→ **WHAT THE TASK ASKS**:
The answer is to consist only of an exact retyping of the lines from the one containing "LED Badezimmer-Deckenleuchte mit" to the end of the entries, without pictures.

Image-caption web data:
==*==
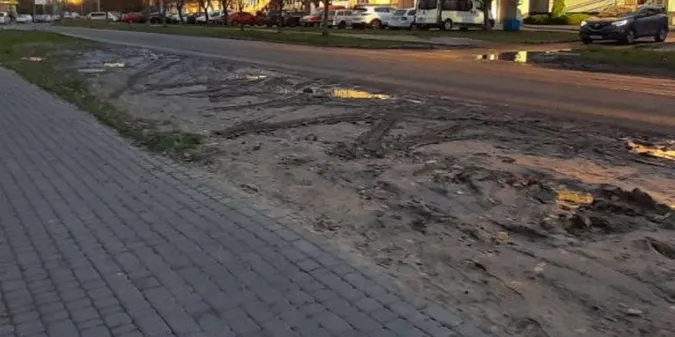 У Луцьку водії перетворили газон на багнюку (фото)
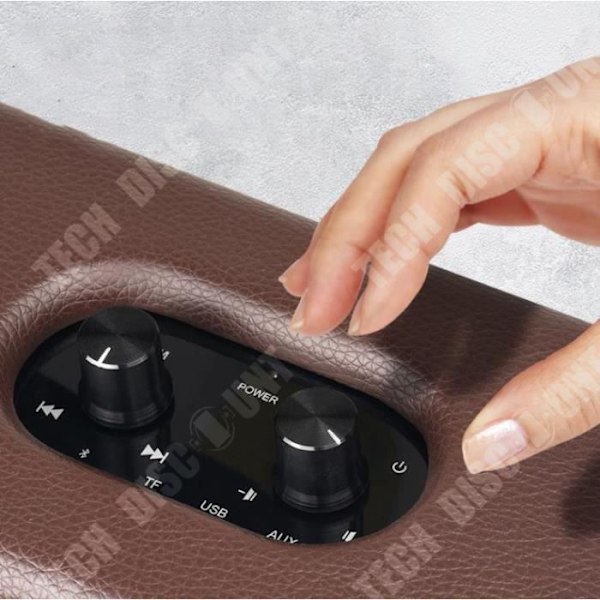 Bluetooth-högtalare - TD - Retro - Trä och läder - 16W - Batteritid 8 timmar Brun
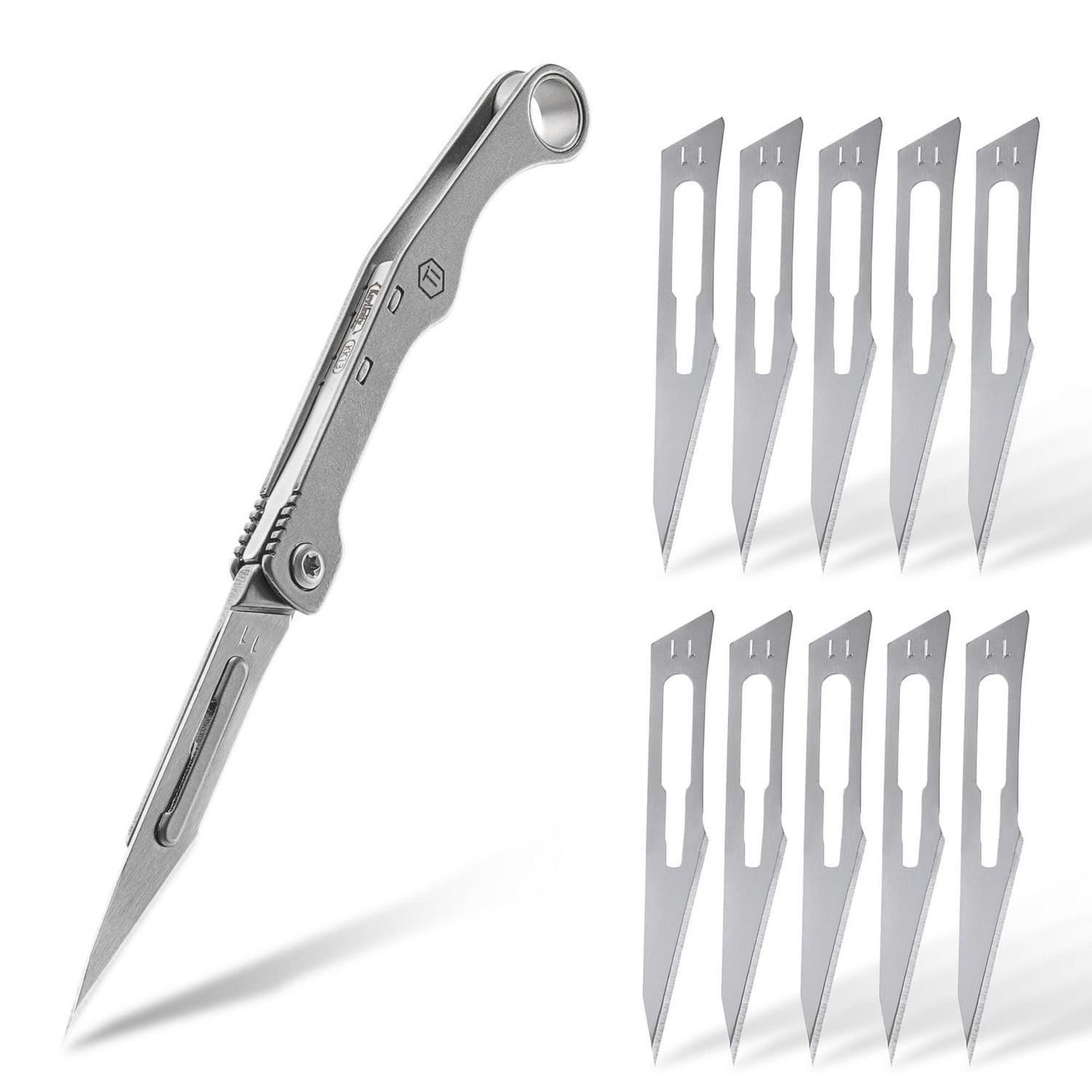 Taschenmesser Mit 11 Klingen, Titan Klappmesser Mit Clip, Grau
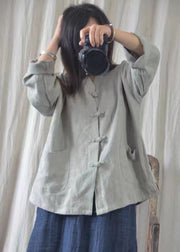 Boho Oversized Chinese Button Pockets Linen Shirt Fall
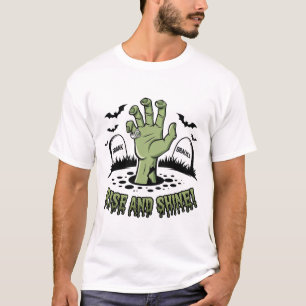 Camiseta Zombie Ascensão de Halloween Diversão e Spooky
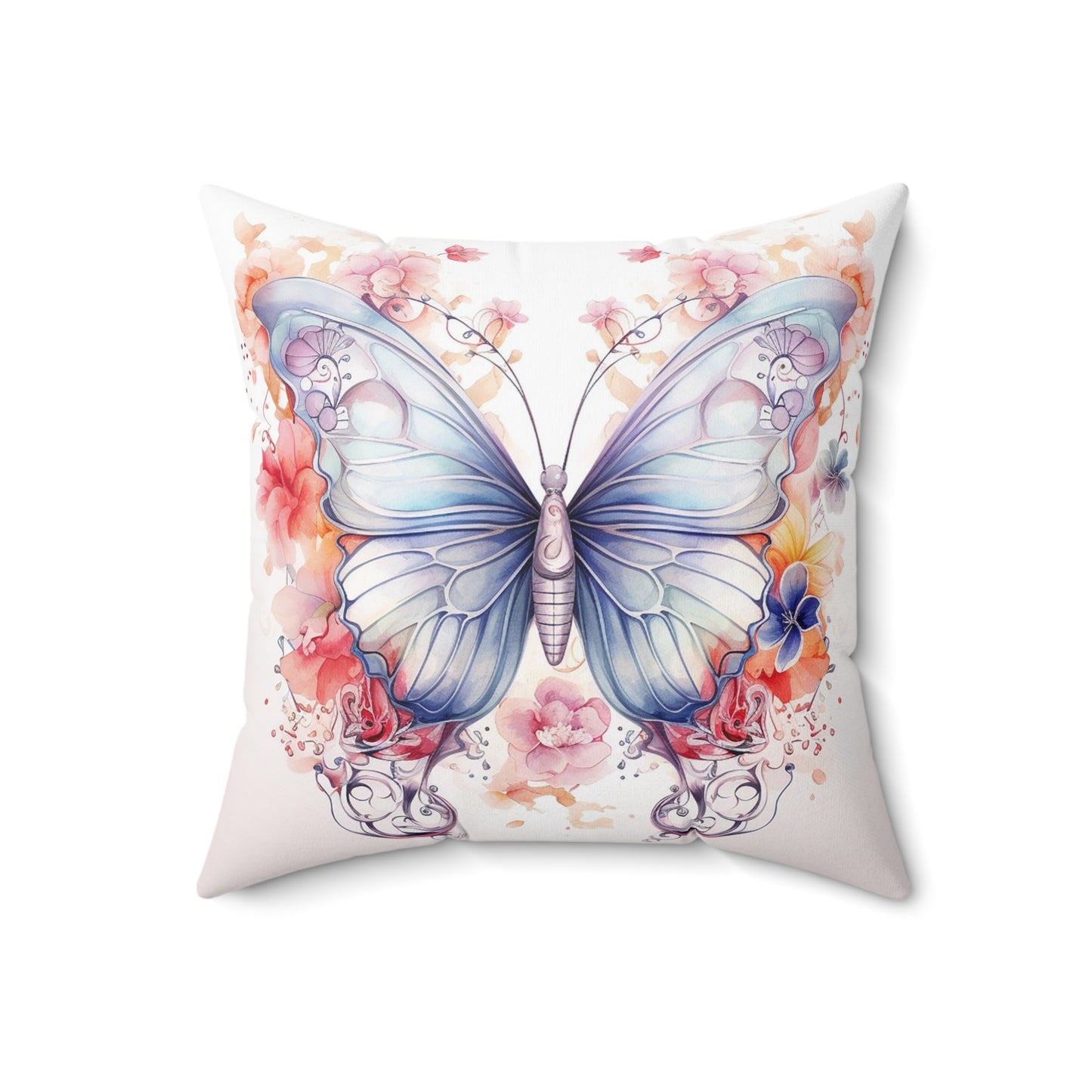 Butterfly Floral Square Pillow, Cozy Home Decor, Gift for Nature Lovers, Spring Decor, Butterfly Art Cushion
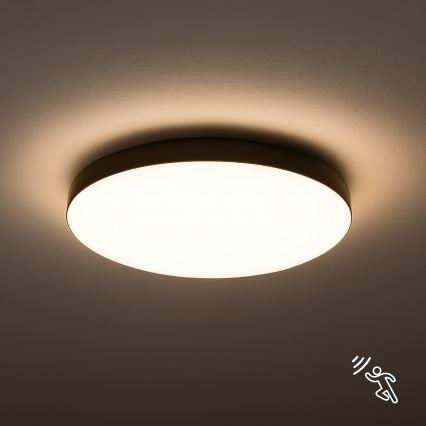 LED Badezimmer-Deckenleuchte mit Sensor MAYA LED/13W/230V Ø 33 cm IP44 schwarz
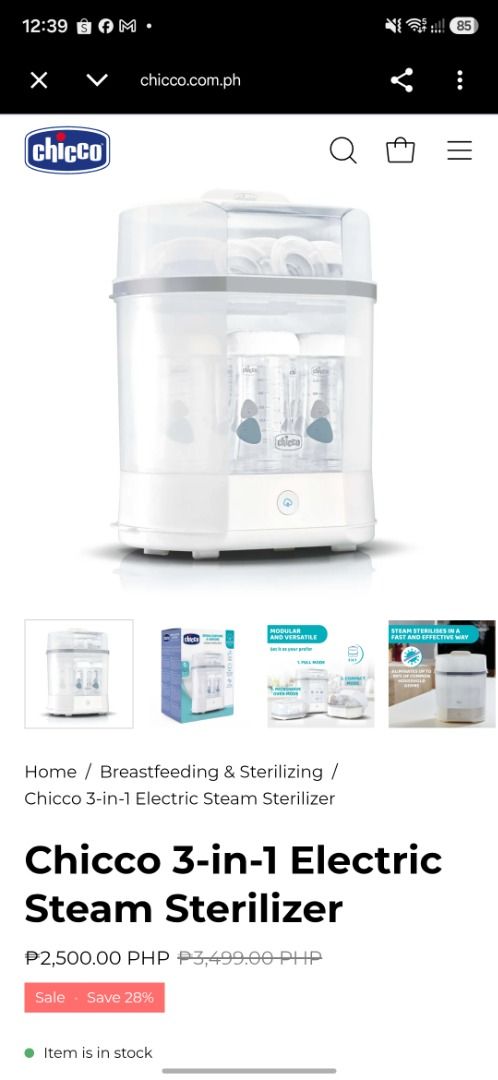 Chicco 3-in-1 Electronicl Bottle Steam Sterilizer (Category: Breastfeeding & Bottle Feeding) located in Caloocan City. Submitted by elypot2k25 (Listing ID 1463192799, Image 2). Description: Lightly used. RFS: Baby refused bottle feeding. .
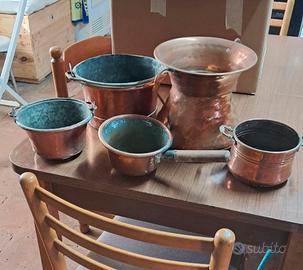 Pentole in rame antiche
==*==
→ **RESULT OF THE TASK**:
 LED Badezimmer-Deckenleuchte mit Sensor MAYA LED/13W/230V Ø 33 cm IP44 schwarz
 Chicco 3-in-1 Electronicl Bottle Steam Sterilizer (Category: Breastfeeding & Bottle Feeding) located in Caloocan City. Submitted by elypot2k25 (Listing ID 1463192799, Image 2). Description: Lightly used. RFS: Baby refused bottle feeding. .
 Pentole in rame antiche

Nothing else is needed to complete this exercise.